北京剧场高场租的抱怨由来已久,不仅仅是针对外国邀请来的剧目,本土剧目一样面临极大的场租压力。“价肯定不是凭空喊上去的,肯定是抢手场租才高。”因为北京是演出重镇,资源的稀缺性格外突出。一位政府部门内部人士告诉北京商报记者,“作为文化主管单位其实也尴尬,能做的有限。好好的北京生长起来的邀请展就这么走了,怎么会不惋惜,我自己也喜欢戏剧,看戏也要追到天津去”。
引剧成本高昂
即便抛开场租压力,类似高端剧目引进本就是一笔不小的开销,演出团体费用、国际机票、国际运输等等。以《英雄广场》为例,这部戏5月在天津大剧院,7月要去阿维尼翁戏剧节,运景根本来不及,只能在北京制景,“需要20多万元,这还算便宜的”。《理查三世》要在德国做,制景工艺特别复杂。“保证演出品质,这是物有所值的。”钱程说。“看到国外的好戏,让这种享誉世界的名作走进来,意义绝不仅在票房,也更需要政府力量的推动。”从2013年起,天津启动高端艺术补贴政策,每场在票价上补一半。“因为有这份补贴,高端的艺术形式才能进的来,才能让大家看到好戏是什么样的。”钱程说。相较而言,北京重量级院团较为集中,世界大牌剧目邀请展多由国有院团操持,在补贴力度上难以有更大的空间。但中央戏剧学院教授沈林表示,“很多机构一般都是国家机构,拥有大量公共资源,也在做展演和戏剧节,但论及戏剧创新相比大导的戏剧邀请展实在乏善可陈”。
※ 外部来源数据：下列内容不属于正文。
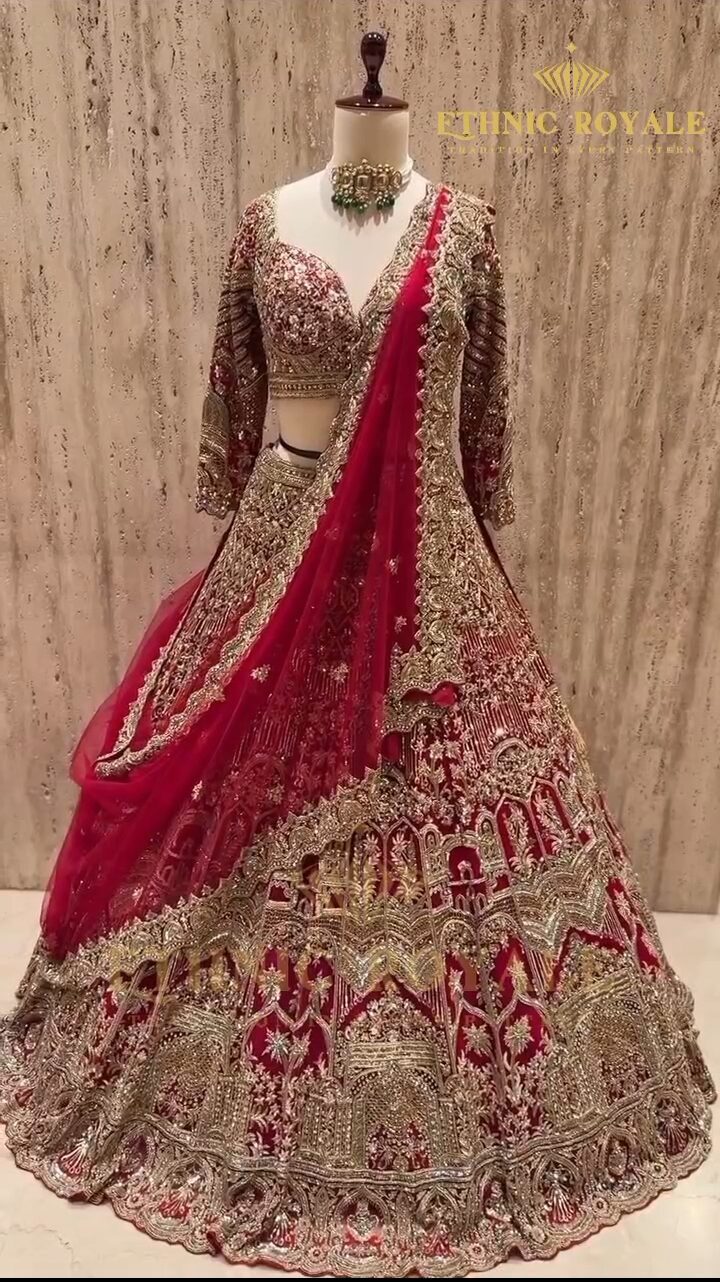 Designer Embroidered Lehenga Cut Dana, Zari & Sequence Work - Red - Semistiched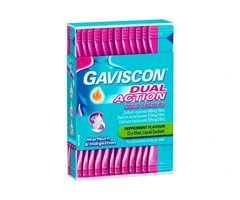 Buy Gaviscon Dual Action Liquid Sachets Peppermint 12 & 24 Pack Australia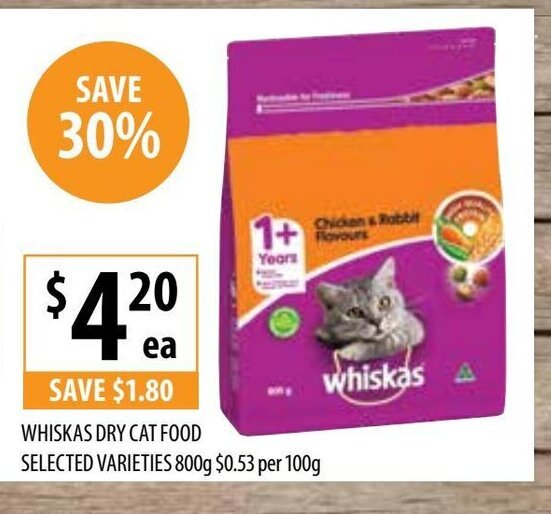 Whiskas Dry Cat Food Selected varieties 800g 0.53 per 100g offer at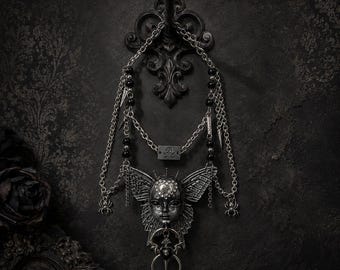 Gothic Butterfly Doll Face Necklace – Stainless Steel Grunge Whimsigoth Chain Choker.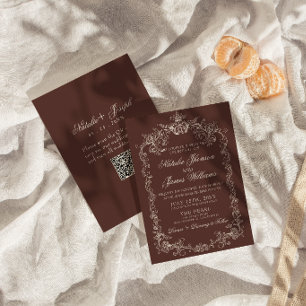 Vintage Chocolate Brown Old Money QR Code Wedding Invitation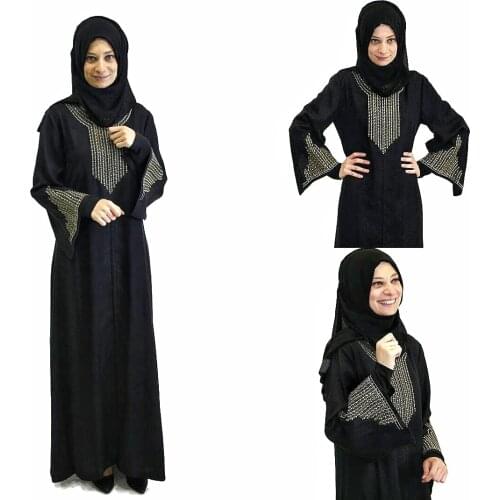Muslim Fashion Abaya Front Zipper Dubai Silky Soft Ladies Stony Turkey Luxury Ferace Arab High Quality Elegant Women 006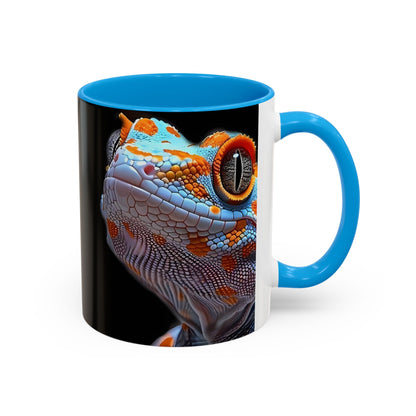 Taza de café con diseño de lagarto colorido – Diseño vibrante de reptil (11 oz y 15 oz)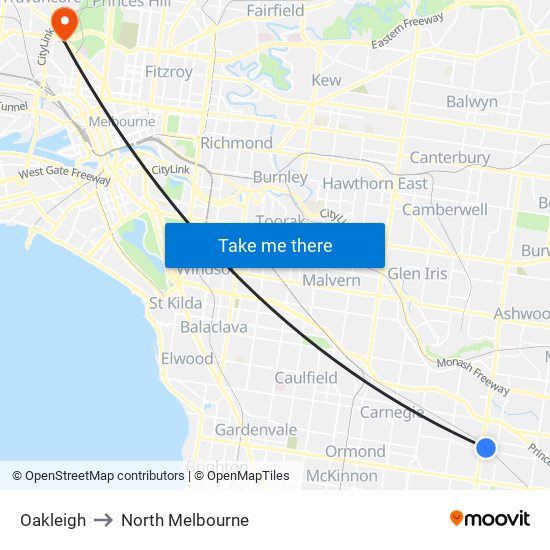 Oakleigh to North Melbourne map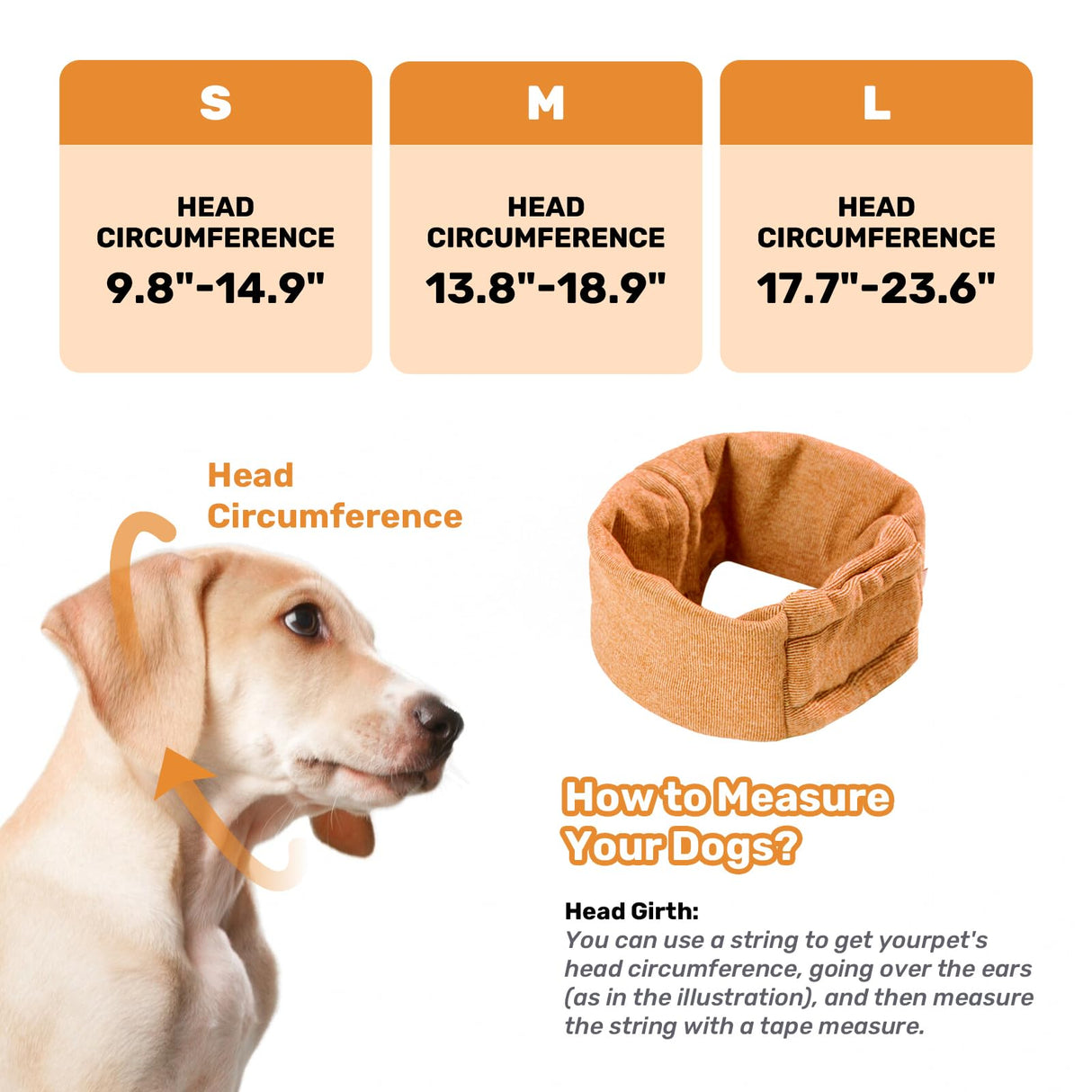 LEOTRAG Dog Calming Hoodie, No Shake Ear Wraps for Dogs, Adjustable Dog Ear Muffs for Noise Protection, Ear Wrap Head Cover for Anxiety Relief & Hematoma (Vitality Orange, L(Head Circle:17.7"-23.6"))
不妨细看今年要呈现的这五部大戏。在国际单元,“欧陆剧场巨人”克里斯蒂安·陆帕将诠释“人民公敌”伯恩哈德的巨作《英雄广场》、德国当代首屈一指的戏剧导演托马斯·奥斯特玛雅亦将大胆解构莎士比亚笔下的“邪恶叔叔”,以新作《理查三世》另类致敬莎翁,这部作品也必将引领今年大剧院纪念莎士比亚逝世400周年的第一波高潮,波兰中生代导演瓦里科夫斯基用“多媒体暴力美学”挑战《阿波隆尼亚》,世界首个互联网剧团波兰neT Theatre剧团用“浸入式”手法将《藏匿》在历史中的犹太人苦难再现舞台。同时,格热戈日·亚日那的《殉道者》、德国汉堡塔利亚剧院的《前线》、英国万花筒剧团的《金钱》,这些顶级剧目都将在而且只在天津大剧院上演。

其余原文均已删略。